Equally, complaints about realism - which are applicable to more realistically-grounded, harder-edged stories - are pretty much irrelevant here, because this environment blatantly has no truck with realism.

Possibly the most striking thing about this story is that it debunks yet another fan myth I'm annoyed to have found myself accepting: that the Seventh Doctor was crap in this season; an embarrassing, talentless pantomime clown. Well, I've done my best to avoid Time and the Rani for quite a few years, so I can't speak for that story - but here, he's genuinely great. Considering this came straight after that story, there is an amazing leap: here, McCoy is instantly likeable, despite how fashionable it is to disparage him. He seems entirely at home in the part. It would be horrible if he were as "up" as Mel, so I like his initial contrasting grouchiness. I love how crumpled and forlorn he is, and the sense that this charming anarchist is having fun with the kids (I can't imagine many other Doctors tolerating the Kangs).

So many people seem to view this story in terms of what could have been, but there's loads that's great here. Tilda and Tabby are obviously fab: episode two's cliffhanger - Mel threatened by two crocheted-shawl and toasting-fork-wielding psychotic lesbian-cannibal-pensioners - is utter genius. "She's a nice, polite, clean, well-spoken girl. Just the sort we like..." I love their exchange after Pex bursts in, too:

"I do wish you would stop breaking through our door to save us!"
"It's not as though we've ever been in any trouble!"
"Apart from bits of door flying all over the place!"

Clive Merrison's deputy caretaker is great too; alternately bored and overly officious, like a crap school bully. "Oh no, no, sunbeam! You're coming with us..."

Given this season's damning reputation, the production has a much less flimsy feeling than, say, (the incomprehensibly overrated) Earthshock; there's a surprising sense of size and scale in the sets: glimpses of long carrydors, the two-level bridge set, etc. The green-lit carrydors with neon signs are effective (and not as notoriously over-lit as most earlier 80s stories), while the mobility of the camera is notably beneficial too.

It's funny how powerful reputations are: as I've been typing this, I've actually found it hard to believe how positive I've been, or tried to downplay praise - but I really don't have any excuse for how much I enjoyed this story.
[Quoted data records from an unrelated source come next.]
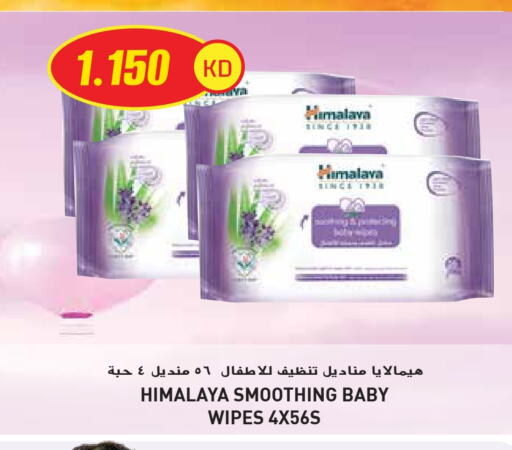 Baby Care in Grand Hyper, Kuwait Offers - Kuwait HIMALAYA available at Grand Hyper in Kuwait - Ahmadi Governorate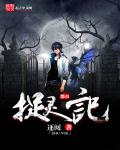 一路飞仙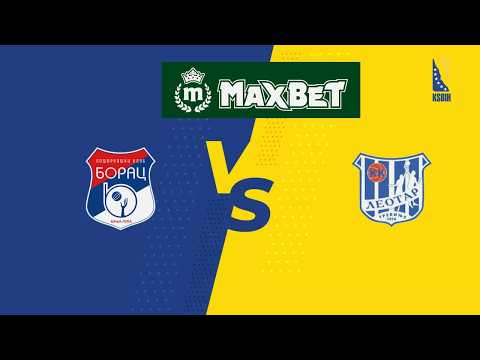 🔴 UŽIVO: Borac vs KK Leotar | MAXBET LIGA KSBIH | Kolo 19 | 15.02.2026 | 17:00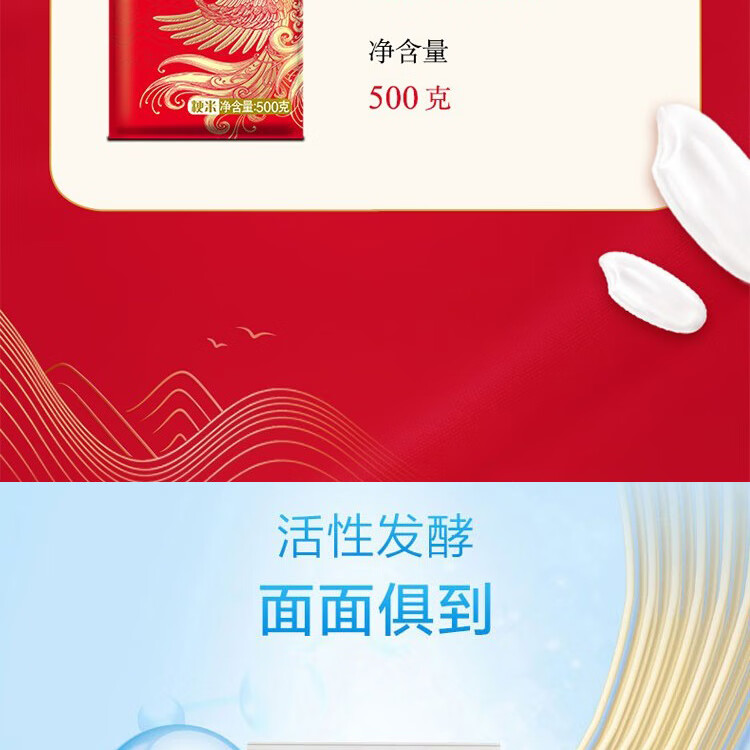 金龙鱼 粮油礼盒节日送礼大礼包B款2650g+1050ml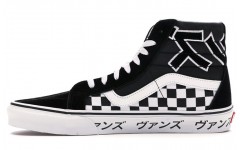 Vans SK8 Japanese Type Black White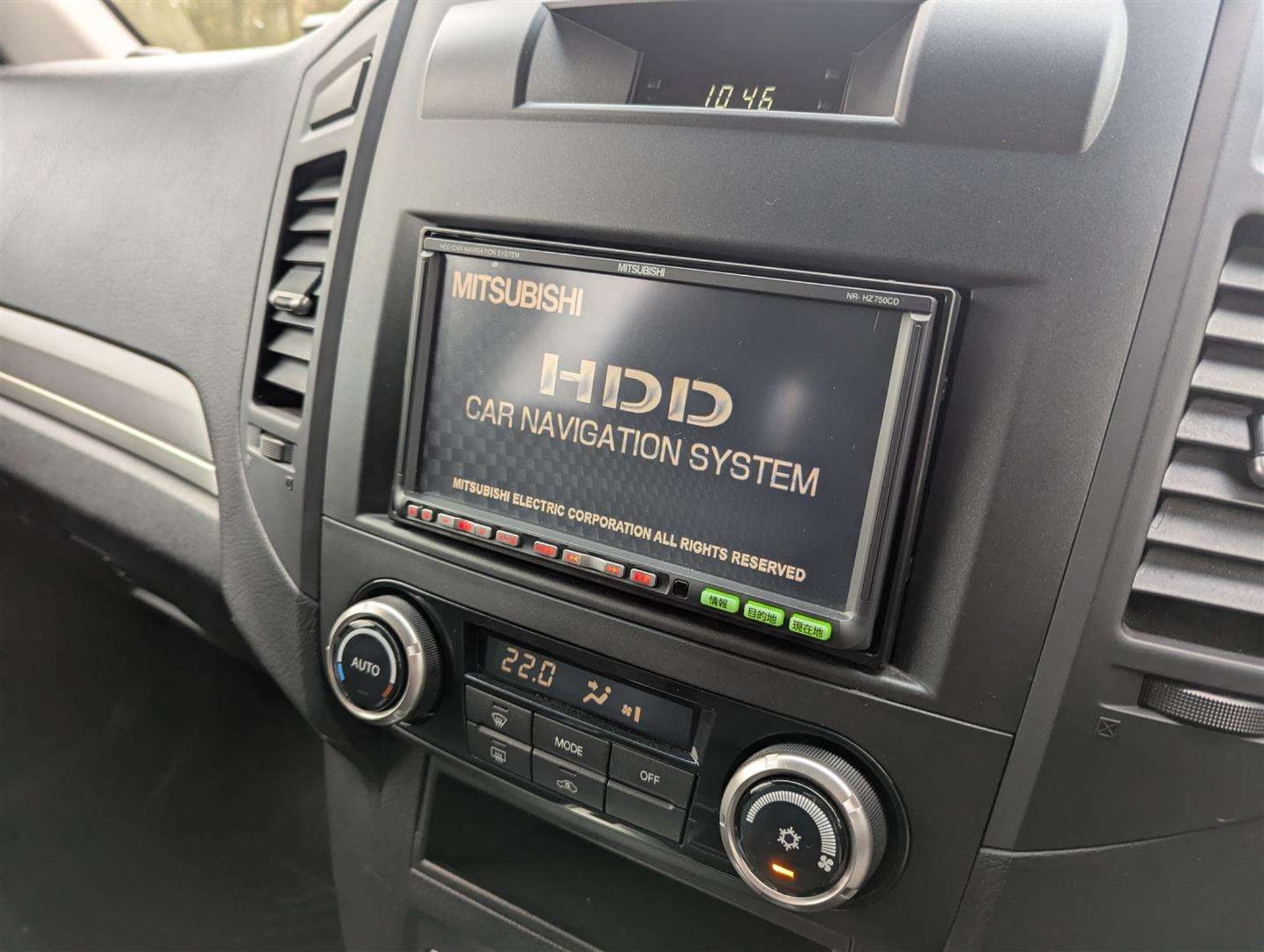 2009 MITSUBISHI - Image 18 of 30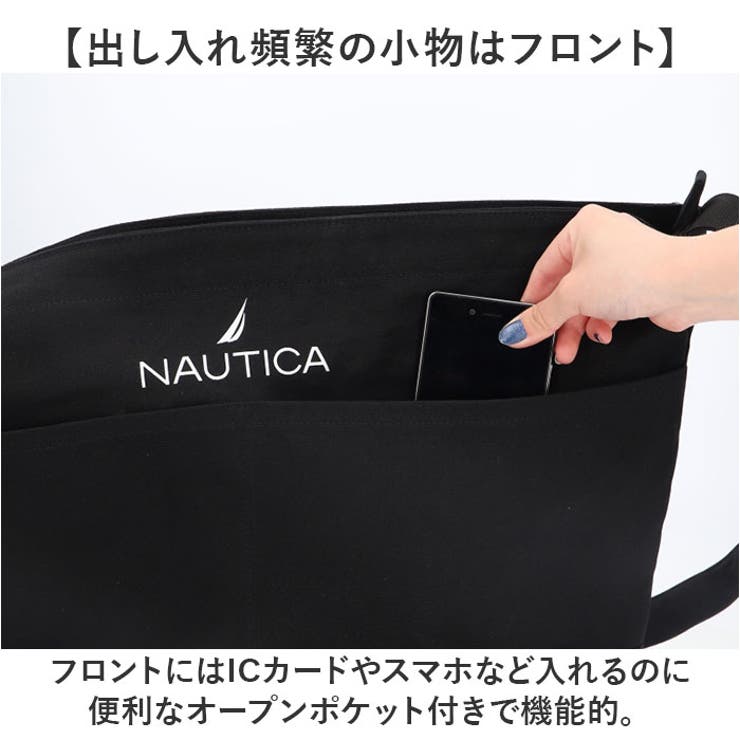 NAUTICA NTC-003 ショルダーバッグ | BACKYARD FAMILY | 詳細画像8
Yes, it's throwaway, superficial even - but despite its silliness (not necessarily a bad thing), it still feels less like kids' TV than, say, the previous season's Mysterious Planet, which really is a dreary (yet, garish) runaround, with no depth and very little originality.

Yes, it's a far cry from Inferno, or Kinda, or most of the sixties (which has seldom felt more distant), but then it's not trying to be like them. It's trying to do something new. Yes, Paradise Towers is silly, and fun. Don't be a cowardly cutlet. Get over your prejudices, and just enjoy it!